((
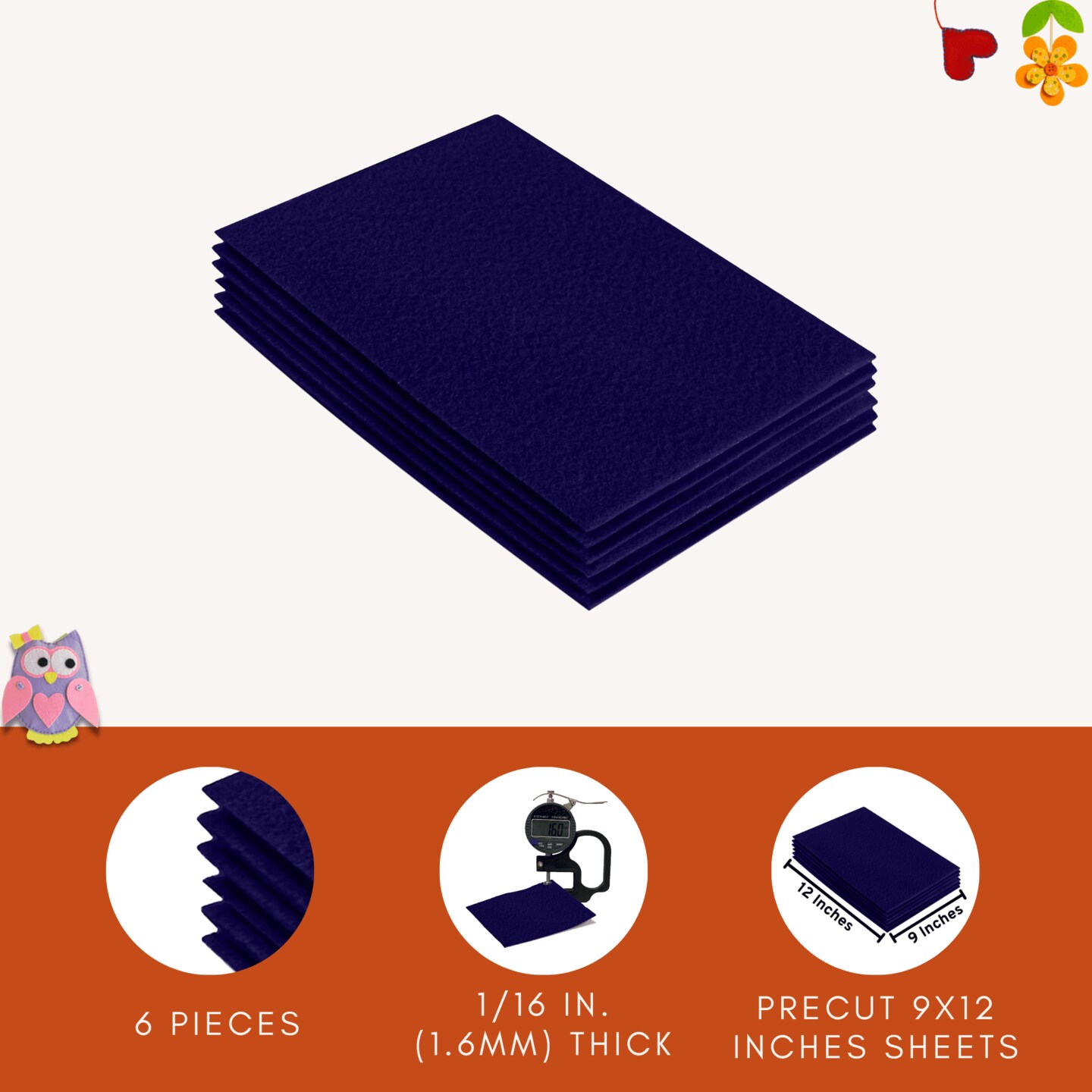 FabricLA Acrylic Felt Sheets for Crafts - Precut 9" X 12" Inches (20 cm X 30 cm) Felt Squares - Use Felt Fabric Craft Sheets for DIY, Costume, and Decoration | Navy Blue - 6 Pieces
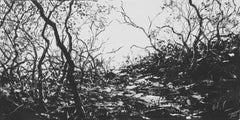 "Fractal" by Todd Carpenter, Original Acrylic Painting, Black & White Landscape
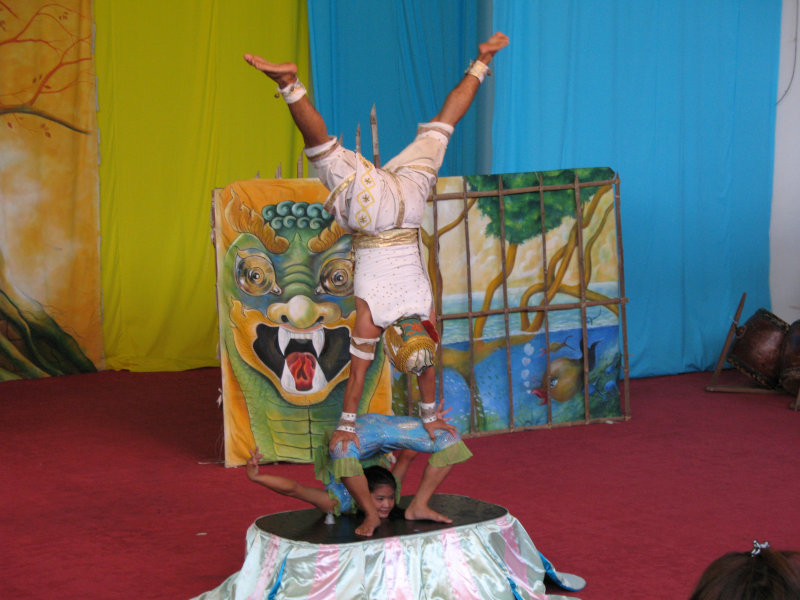 Cambodian Circus entertainers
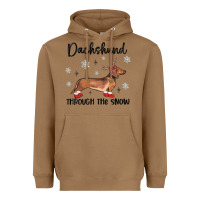 Toasted Coconut dachshund through the snow Heavyweight Hoodie - MaliasSmallBusiness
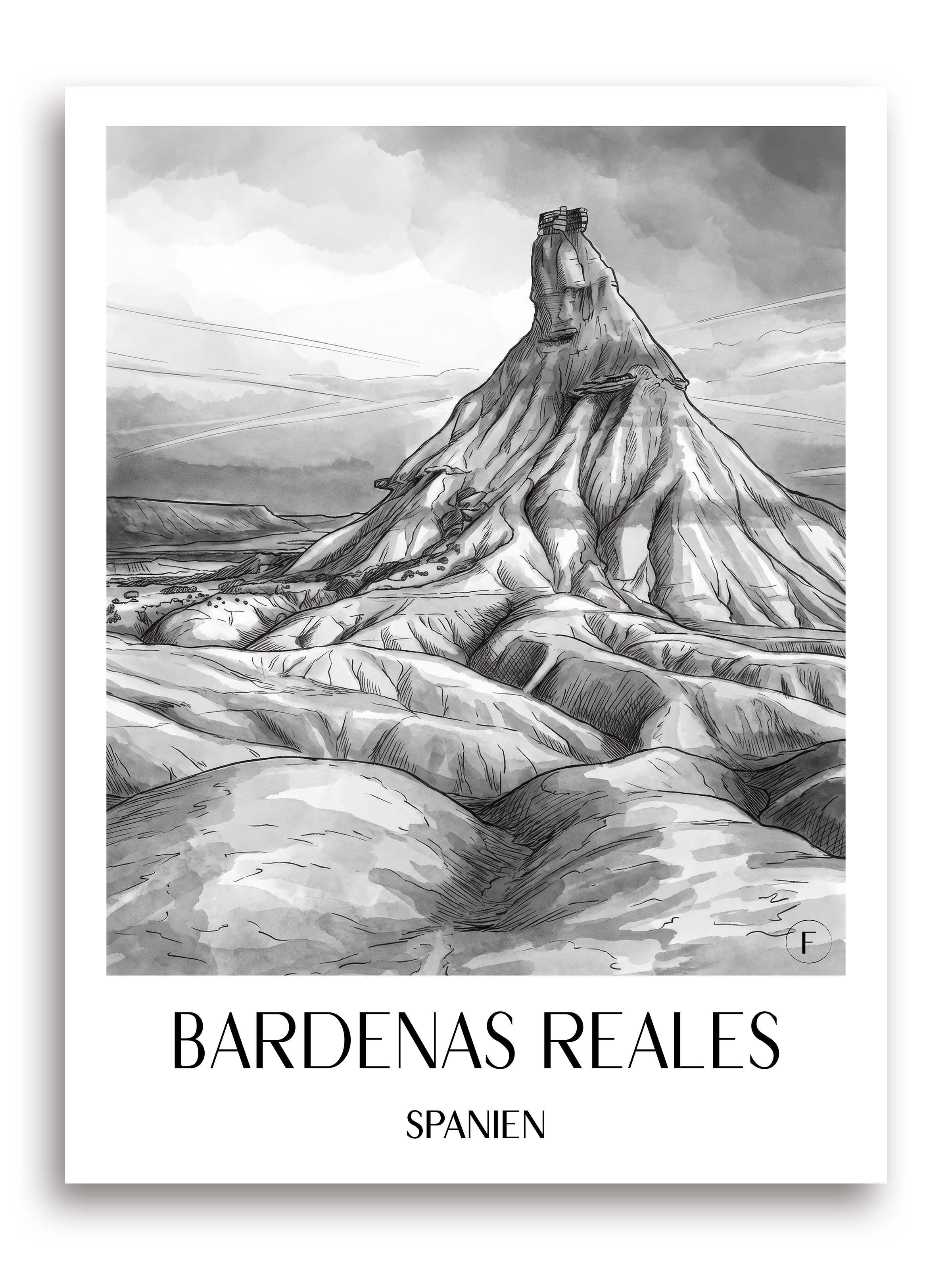 bardenas-reales-spanien-spanien-poster-aquarell-schwarz-weiss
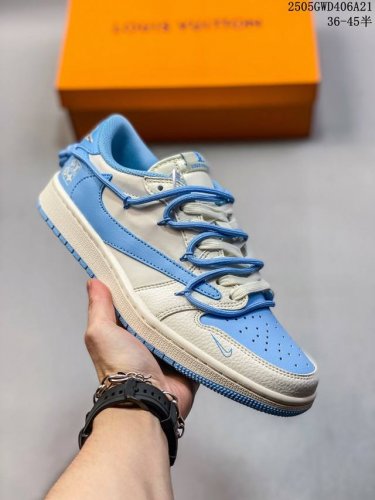 海外爆款限量发售 Travis Scott X Fragment Design X Jordan Air Jordan 1 Low Og Sp Lv联名 天蓝抽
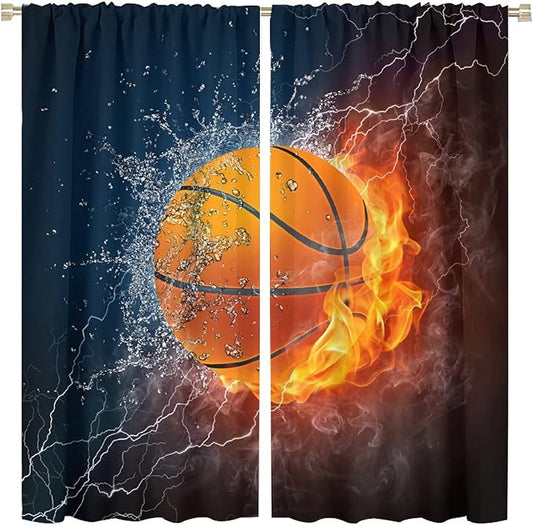 JESTRONRY Boys Basketball Curtains,Kids Sports Theme Fire Ball Water Flame Splashing Room Darkening Door Window Rod Pocket Curtain for Living Room Teen Men Bedroom Decor W84xL84in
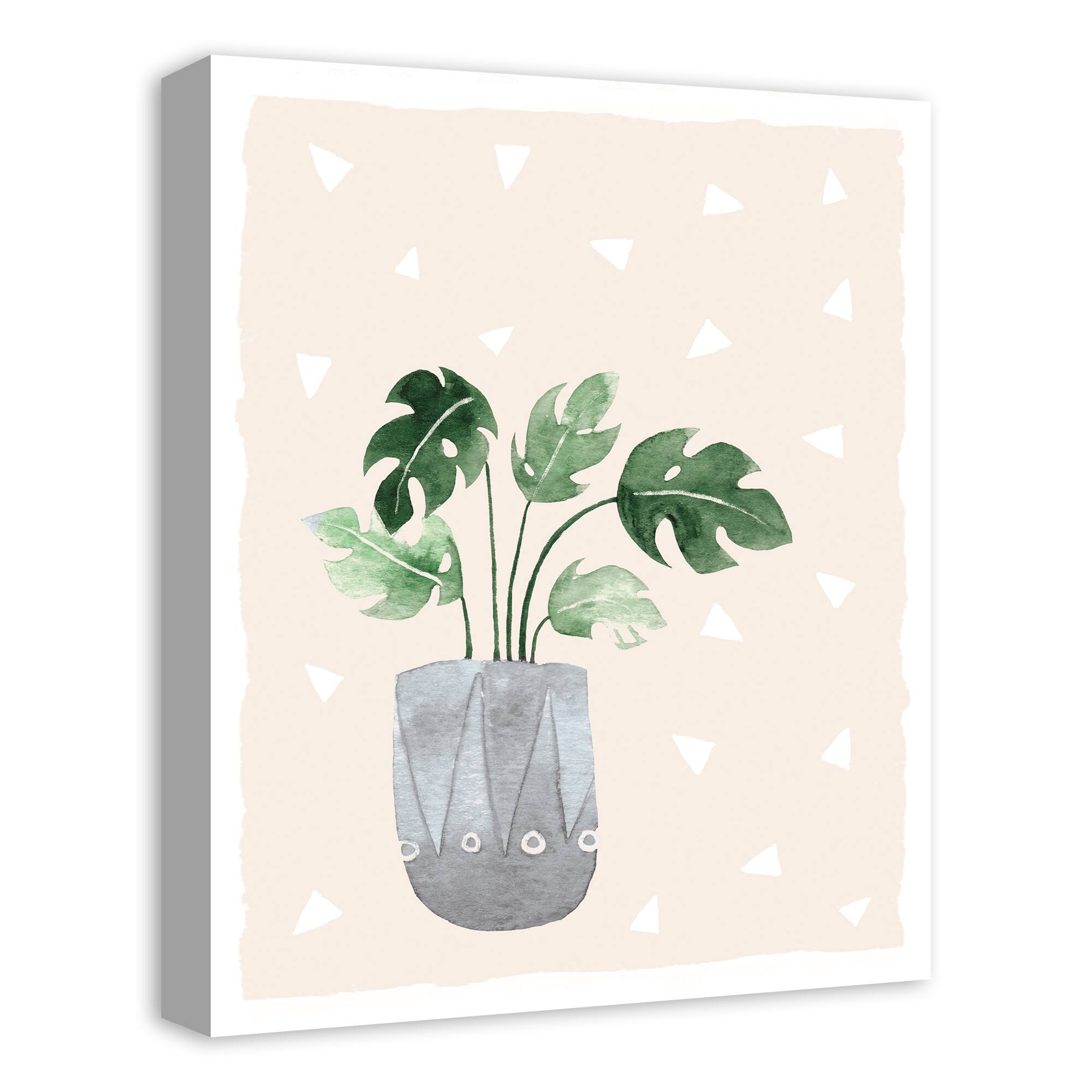 Designs Direct Monstera Triangle Pattern Canvas Wall Art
))
▸ **EXERCISE OBJECTIVE**:
The records above should be repeated exactly, with every picture omitted.

▸ **RESPONSE**:
 FabricLA Acrylic Felt Sheets for Crafts - Precut 9" X 12" Inches (20 cm X 30 cm) Felt Squares - Use Felt Fabric Craft Sheets for DIY, Costume, and Decoration | Navy Blue - 6 Pieces
 "Fractal" by Todd Carpenter, Original Acrylic Painting, Black & White Landscape
 Cambodian Circus entertainers
 Toasted Coconut dachshund through the snow Heavyweight Hoodie - MaliasSmallBusiness
 bardenas-reales-spanien-spanien-poster-aquarell-schwarz-weiss
 海外爆款限量发售 Travis Scott X Fragment Design X Jordan Air Jordan 1 Low Og Sp Lv联名 天蓝抽
 JESTRONRY Boys Basketball Curtains,Kids Sports Theme Fire Ball Water Flame Splashing Room Darkening Door Window Rod Pocket Curtain for Living Room Teen Men Bedroom Decor W84xL84in
 Designs Direct Monstera Triangle Pattern Canvas Wall Art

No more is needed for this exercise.